> [Input records]:
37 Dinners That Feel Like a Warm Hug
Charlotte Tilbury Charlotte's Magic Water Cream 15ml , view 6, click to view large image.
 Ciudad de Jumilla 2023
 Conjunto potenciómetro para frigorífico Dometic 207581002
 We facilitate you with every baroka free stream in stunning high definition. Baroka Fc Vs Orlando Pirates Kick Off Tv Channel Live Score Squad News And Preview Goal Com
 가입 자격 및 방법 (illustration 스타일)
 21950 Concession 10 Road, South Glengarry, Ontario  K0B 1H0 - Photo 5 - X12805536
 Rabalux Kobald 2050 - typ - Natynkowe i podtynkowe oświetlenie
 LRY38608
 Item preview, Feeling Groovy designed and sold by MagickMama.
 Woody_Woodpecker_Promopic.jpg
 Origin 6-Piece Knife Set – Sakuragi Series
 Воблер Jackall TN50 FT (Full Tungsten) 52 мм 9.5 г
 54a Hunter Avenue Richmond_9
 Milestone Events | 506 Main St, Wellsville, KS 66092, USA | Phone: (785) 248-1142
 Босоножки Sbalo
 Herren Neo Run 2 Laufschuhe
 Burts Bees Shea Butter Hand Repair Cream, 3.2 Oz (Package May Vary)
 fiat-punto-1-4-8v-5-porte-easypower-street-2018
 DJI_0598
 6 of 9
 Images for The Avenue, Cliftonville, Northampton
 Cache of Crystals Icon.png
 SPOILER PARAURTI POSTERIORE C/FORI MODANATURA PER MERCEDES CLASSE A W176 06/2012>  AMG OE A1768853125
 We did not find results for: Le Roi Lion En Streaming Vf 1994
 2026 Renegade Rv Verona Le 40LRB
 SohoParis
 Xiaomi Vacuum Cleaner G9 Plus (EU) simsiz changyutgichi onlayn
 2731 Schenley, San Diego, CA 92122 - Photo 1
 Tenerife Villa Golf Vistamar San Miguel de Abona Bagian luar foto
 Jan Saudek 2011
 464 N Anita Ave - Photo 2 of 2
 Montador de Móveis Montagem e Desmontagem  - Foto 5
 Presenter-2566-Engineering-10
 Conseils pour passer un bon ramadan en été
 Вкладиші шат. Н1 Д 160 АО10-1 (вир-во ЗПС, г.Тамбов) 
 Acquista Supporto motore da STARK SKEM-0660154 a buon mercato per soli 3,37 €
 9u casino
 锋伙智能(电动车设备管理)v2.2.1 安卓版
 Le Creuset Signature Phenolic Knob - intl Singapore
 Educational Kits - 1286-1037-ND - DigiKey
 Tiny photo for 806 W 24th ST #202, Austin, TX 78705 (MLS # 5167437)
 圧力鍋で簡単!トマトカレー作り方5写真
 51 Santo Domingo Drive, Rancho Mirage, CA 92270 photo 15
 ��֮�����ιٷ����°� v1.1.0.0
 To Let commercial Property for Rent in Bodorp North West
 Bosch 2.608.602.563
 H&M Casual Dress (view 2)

> [Work task]:
All lines from the start of the entries through the line where "Cache of Crystals Icon.png" sits should be duplicated exactly, with nothing else in the output.

> [Reply to the exercise]:
37 Dinners That Feel Like a Warm Hug
Charlotte Tilbury Charlotte's Magic Water Cream 15ml , view 6, click to view large image.
 Ciudad de Jumilla 2023
 Conjunto potenciómetro para frigorífico Dometic 207581002
 We facilitate you with every baroka free stream in stunning high definition. Baroka Fc Vs Orlando Pirates Kick Off Tv Channel Live Score Squad News And Preview Goal Com
 가입 자격 및 방법 (illustration 스타일)
 21950 Concession 10 Road, South Glengarry, Ontario  K0B 1H0 - Photo 5 - X12805536
 Rabalux Kobald 2050 - typ - Natynkowe i podtynkowe oświetlenie
 LRY38608
 Item preview, Feeling Groovy designed and sold by MagickMama.
 Woody_Woodpecker_Promopic.jpg
 Origin 6-Piece Knife Set – Sakuragi Series
 Воблер Jackall TN50 FT (Full Tungsten) 52 мм 9.5 г
 54a Hunter Avenue Richmond_9
 Milestone Events | 506 Main St, Wellsville, KS 66092, USA | Phone: (785) 248-1142
 Босоножки Sbalo
 Herren Neo Run 2 Laufschuhe
 Burts Bees Shea Butter Hand Repair Cream, 3.2 Oz (Package May Vary)
 fiat-punto-1-4-8v-5-porte-easypower-street-2018
 DJI_0598
 6 of 9
 Images for The Avenue, Cliftonville, Northampton
 Cache of Crystals Icon.png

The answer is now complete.